March 12, 2010

Cornucopia / Cynthia Dewes

Air travel: The modern Lenten penance?

Cynthia DewesIt seems that Mom was right as usual. She always told us to wear clean underwear when we went out, just in case we were in an accident or something. That way, we (or she) wouldn’t be embarrassed by our tacky undies.

Because of that terrorist who tried to blow up an airplane on Christmas Day with explosives concealed in his underpants, the threat that Mom feared may become a reality. Soon airlines may require us to reveal our underwear before we get on a plane. After all, we already must remove our shoes because another terrorist tried to blow up a plane with explosives in his shoes! Will it never end?

Travel is so educational, as such examples prove. We have learned that we can blow up a plane by hiding things in our underwear or shoes. We have also learned that our security agencies, necessary as they may be, can’t invent a better safety system than punishing all of us because of finding a few evildoers on suicide missions.

We have learned, sometimes to our chagrin, that air travel is now almost the only way we can travel any distance. The United States is such a big country that the efficient European model of train travel is practically impossible to create here, plus everyone is in a huge hurry to get where they are going these days. Bus service is equally limited, not to mention having little glamour to its credit.

We have learned that our sole air travel option can be virtually impossible for many people financially. We used to think flying was a luxurious way to travel, mostly confined to the rich and leisured classes, but that was when we had alternative ways to travel. No more.
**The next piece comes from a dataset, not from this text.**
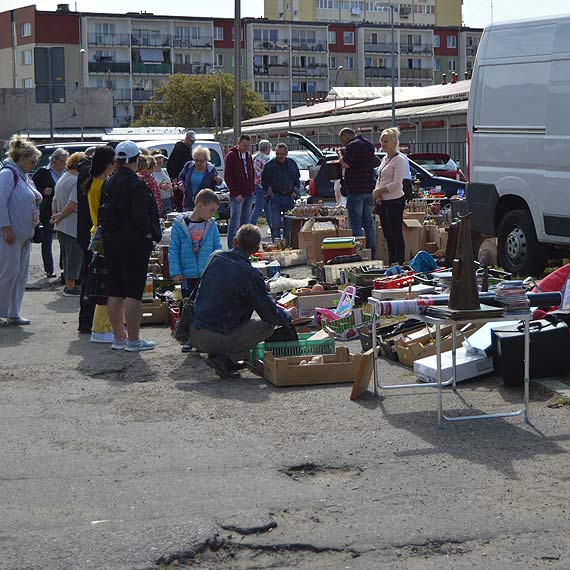 Pchli targ powali rynek na kolana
Now the skies are full of travelers on absolutely necessary business or personal trips. They may be able to afford the cost of the flight, but—surprise—there’s an extra charge to check baggage or to use a blanket or pillow on long flights. No food is served so there is a charge for edibles like peanut butter crackers or nachos and cheese. God forbid you might need a special diet. There is even a rumor afoot that there may soon be a charge for using the restrooms! Now that would take some practice to avoid!

In reading the diaries of Dorothy Day recently, I learned that she traveled widely throughout her life for peace rallies, speaking engagements or spiritual retreats and conferences. Sometimes she had a rattletrap car available for short, local trips or could be driven places by others, but for long distances she usually rode the public buses. Even then, this was not the most pleasant experience with bumpy rides and smelly passengers and other distractions.
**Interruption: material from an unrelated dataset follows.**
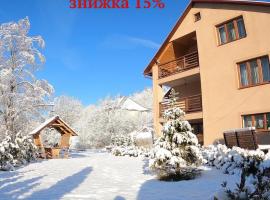 Купецький Двір, hotel con pileta en Mizhhirya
Day wrote that she used the bus rides as times for meditation and prayer, and she often described the beauties of passing landscapes or the kindnesses of people she met. She reported her efforts to see Christ in every person, and God’s plan in every happening. It seemed that economy was not the only virtue of bus travel for her.

Maybe Lent is a good time to reflect on that. Instead of using our energy to agonize about air travel, maybe we could consider the beauties and kindnesses we discover on the journey. Maybe we should even smile at the poor guy who asks us to remove our shoes. It is something to meditate on like Dorothy Day did. Of course, she was a saint.

(Cynthia Dewes, a member of St. Paul the Apostle Parish in Greencastle, is a regular columnist for The Criterion.)